Tatsächlich existiert ein solches Regelwerk, und zwar im Rahmen des Ländervereins der OECD. Der «OECD-Konsens», eine freiwillige und nicht bindende Übereinkunft der Mitgliedstaaten, ist aber voller Schlupflöcher. Manches von dem, was von den Industrieländern unter dem Deckmantel der Exportförderung betrieben wird, jedoch überhaupt nichts mehr mit Exporten zu tun hat, fällt nicht unter den Konsens.
Dazu kommt ein weiteres Problem: Schwellenländer wie China gehören nicht der OECD an und fühlen sich dementsprechend nicht gebunden an den «OECD-Konsens». Wenn diese Länder dennoch Exporte subventionieren, müsste ihnen eigentlich die WTO auf die Finger klopfen, da dies im Grundsatz ja verboten ist.
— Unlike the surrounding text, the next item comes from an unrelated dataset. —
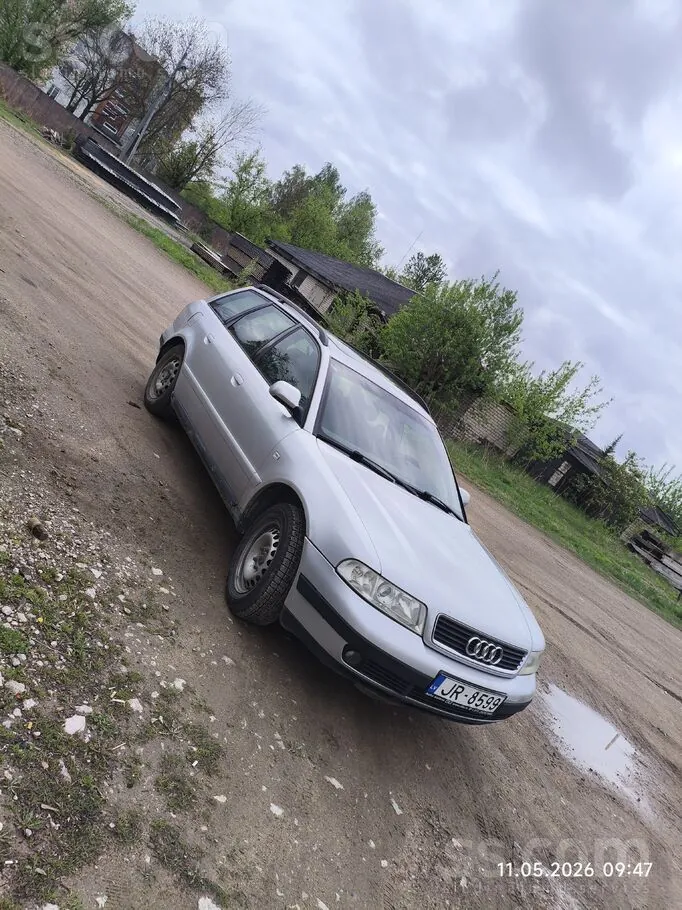 Audi A4 2000 photo 3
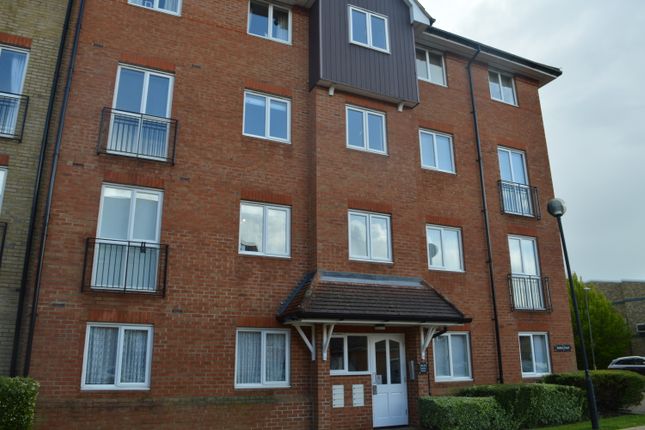 Thumbnail Flat to rent in Sutton Court, Crane Mead, Ware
Doch zu solchen Sanktionen kommt es nicht, zumal die stark angeschlagene WTO derzeit mehr schlecht als recht funktioniert.
Unterstützung nur bei Marktversagen
Die Folge: Bei der Exportförderung tun momentan viele Staaten, was ihnen gerade passt. Eine Bestrafung müssen sie nicht befürchten, selbst wenn sie den internationalen Wettbewerb mit ihren Subventionen massiv verzerren. Für die Schweiz als kleines und exportabhängiges Land verheisst das nichts Gutes. Sie kann sich immer weniger darauf verlassen, dass im Exportgeschäft halbwegs verlässliche Regeln gelten.
Als eines der wenigen Länder beschränkt die Schweiz ihre ECA auf jene Bereiche, wo sie ein Marktversagen sieht. Laut Seco sind das Geschäfte mit mittlerer und langer Laufzeit ab zwei Jahren in zumeist ärmeren Ländern. Auch bei «small tickets», also Beträgen unter 5 Millionen Franken, würden Angebote privater Versicherer fehlen, weil es sich hier oft nicht lohne, den aufwendige Compliance-Prozess anzustossen.
Den globalen Realitäten entgegenzukommen und der Serv mehr Spielraum zu geben, birgt aber Risiken. Erstens ist die Schweiz mit ihrer ordnungspolitisch klaren Linie bisher gut gefahren; weder die Serv noch das Seco wollen dies ändern. Zweitens ist ein Aufschnüren des Serv-Gesetzes mit der Gefahr verbunden, dass die Politik dem Exportförderer bei dieser Gelegenheit noch allerlei neue Aufgaben zuschanzen will.
Drohende Überfrachtung der Serv
So ist Ende vergangenen Jahres im Nationalrat eine Motion eingereicht worden, welche die Serv nicht nur zu einer nachhaltigen Klima- und Umweltpolitik verpflichten soll. Das vom Mitte-Nationalrat Lorenz Hess lancierte und von links-grünen Politikern unterstützte Ansinnen will auch neue internationale Abkommen, etwa die Erklärung der Uno-Klimakonferenz 2021 in Glasgow, ins Regelwerk der Serv übernehmen.
Dies käme einem Swiss Finish und der verbindlichen Übernahme von Regeln gleich, die im globalen Wettbewerb kaum ein Rivale einhält. Beispielsweise die Versicherung von Erdgasprojekten wäre dann kaum mehr möglich. Ob man den hiesigen Exporteuren, die von der Schweizer Regierung zu Recht nicht mit Subventionen unterstützt werden, diese Hürde auch noch in den Weg stellen soll, muss die Politik entscheiden.